I have been preoccupied with tidying and an illness in the home.
As you will no doubt have gathered from the text so far I am not of the female persuasion and as such can have no real grasp of whether the moment of conception is perceivable.
Is there a sense of a little burst of energy when the singularity of life lights up within?
I have the same first hand experience as you of course and hold my own life most dear, and yet I retain no sense of a sudden beginning to it. Even if it is as simple as two things coming together and one beginning, there must be a moment when that happens mustn't there?

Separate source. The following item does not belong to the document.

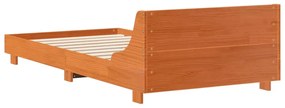 Cama sem colchão 90x200 cm pinho maciço castanho-mel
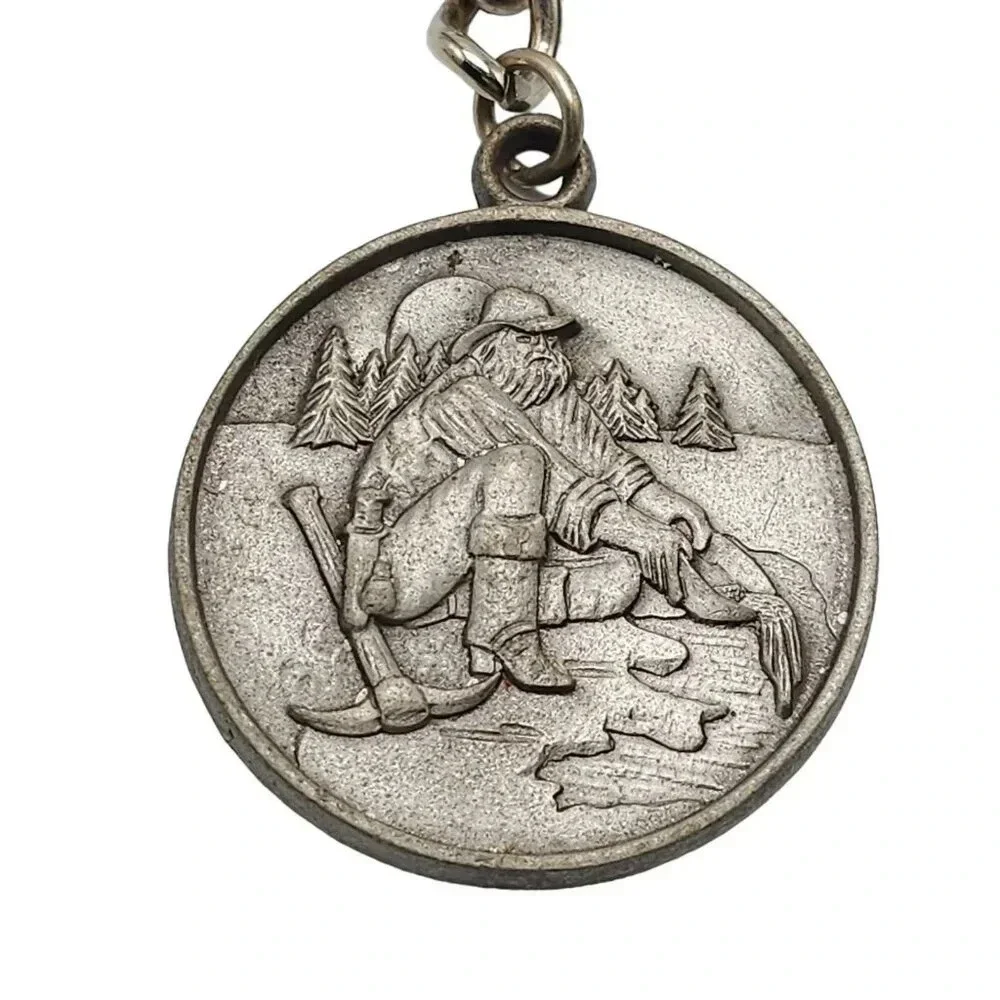 Rawcliffe Pewter I Love Alaska 1985 Key Chain Vintage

This morning I was a hands on witness to the opposite. The implosion of energy as the life went out of our beloved pup. I have experienced my fair share of family bereavements and at those times stuff like pondering the nature of life doesn't happen on a conscious level, you get smashed sideways and as the parts join back together you are able to make sense of things in different ways, but it may take you several years to get there, and there is definitely not much mind available at the time for pondering as the grief takes hold and shakes the foundations.
It was tremendously sad to see the healthy animal decline into something akin to the puppy he started out as, helpless in all ways. But there is not the same hammer blow to the system and the organism of self remained whole and able to hold the grief of parting and ponder the nature of life as the loved one departed.

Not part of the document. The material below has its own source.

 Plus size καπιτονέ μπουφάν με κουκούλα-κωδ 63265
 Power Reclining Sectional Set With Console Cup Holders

Having had time to consider events I feel very honored by our Bobby's choice to let go of his most treasured possession while I was holding him and his head was on my foot. There is of course an issue of pride and trust involved, the pooh comes out when the body lets go, I imagine the instinct of the leaper is to walk off and take the leap alone. And yet the pup chose a companion at this time of parting. Such a companion must be a benevolent being like that which surrounds us when we begin, a comfortable presence so familiar that it is there and yet not. |In essence what one might call a family or tribe.
My daughter asked that I might make sure that she is there when I make the leap, I hope I am as generous with my moment of parting as the puppy was with his, like all parents I suppose my greatest dread is the grief I must inevitably cause by my irresponsible leaping. When my own mother departed I felt it as I was drinking tea on the other side of the planet, it is my belief that whether together or apart my offspring and I will find ourselves to be so deeply entangled that propinquity will not be an issue when I fall backwards into weightlessness.
Throughout this day of vigil it has been noticeable that the eye sees and the mind takes liberties.
I utilize this mental frolicking when I make sculpture, my mind sees all kinds of shapes in the material and I follow its suggestions.
Once the puppy had left the material world I wanted him to have his privacy, so after we had washed him we wrapped him in a blanket curled up in his normal sleeping pose. He stayed like that throughout the day and each time I glanced in his direction the blanket gave movement to his form as though he were snuffling in there as he had as a puppy after his bath.
He is missed by us all and I hope that we may never forget the joy of having him share our home. "In sickness and in health until death do us part" was never a spoken vow between us, but as surely as my son calls him "brother", the memory of our Bob is bound into our family beyond even that vow's ending.